1 | pdf = PyPDFForm('ds11-copy.pdf', global_font_size=50, global_font_color=(0, 0, 1)) |
Obviously these are just the peak of iceberg. There are some other functionalities like draw text, draw images, and merge multiple PDFs together. But I really want to show the essential part of it, which is the actually filling piece.
Any question before we move on?
Conclusion
I’d like to wrap up this speak with some discussions around restrictions and future improvements that are planned. Because many of you may be wondering, now that you have shown what the library can do, what can it not do?
Well the library requires you to have a static PDF form template as a baseline, so the largest restriction with it is that it cannot generate dynamic sections. So on the right you see a pretty common example of an invoice PDF. Notice that middle section where all the items are listed? That’s not something you can handle with the library. I mean sure maybe you can have like ten rows of text fields and it will probably work for the most part. But the point I’m trying to make is that it’s not flexible. So all and all for PDFs with dynamic sections you still need something like reportlab.
The next thing is that the library only supports some of the most common elements like you just saw in the demo. Now the elements that you guys saw probably cover 90% of the usage of PDF forms. But still there are more. I can give you two common ones. Image fields, you know, the one where you can click on it and attach an image on it. Another one is signature fields, kinda similar to image fields but instead where you sign.
And finally like what I said earlier in the demo, there are many PDF form preparation tools out there. Some of them generate the form the same way but some other ones are different under the hood. I believe I have made the library to support most of the mainstream ones out there but still there is no way I have explored every single one of them out there.
With that being said, let’s talk about some future improvements that are currently on my radar for the library.
First, obviously I’d love to support more elements. Using image fields for example, I tried to support it about two years ago but was not able to. But at the time I was also not as experienced in terms of developing this library as I am nowadays, so I have been having the thoughts of picking it back up again.
Next I would love to support more of those unexplored form preparation tools out there. This in fact is something I wrote on the README. If you ever run into a problem where whatever tools you are using to prepare the PDF form that doesn’t work with the library, open an issue and I will try to get it supported.
And you tell me! Ya that’s correct. And this brings me back to why I’m here to present in front of you all. Recently I have run into kinda a stale state when working on PyPDFForm where I’m starting to run out of ideas on what features to bring next.
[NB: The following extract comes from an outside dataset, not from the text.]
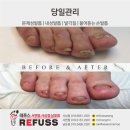 레푸스서면점 | [레푸스 남포점]60대 주부 무좀 발톱 관리 두꺼워진 발톱 관리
This is why I came here, to present in front of a group of public, and hopefully by speaking with you guys some new ideas will spark again. And this doesn’t have to happen immediately. If any of you find this library useful, or simply find it interesting and try play with it for a bit, I’m always a believer that users are the best source of ideas.
Any other question?
Well thank you very much. It is my honor to speak in front of you all and again thanks to Chicago Python User Group for having me.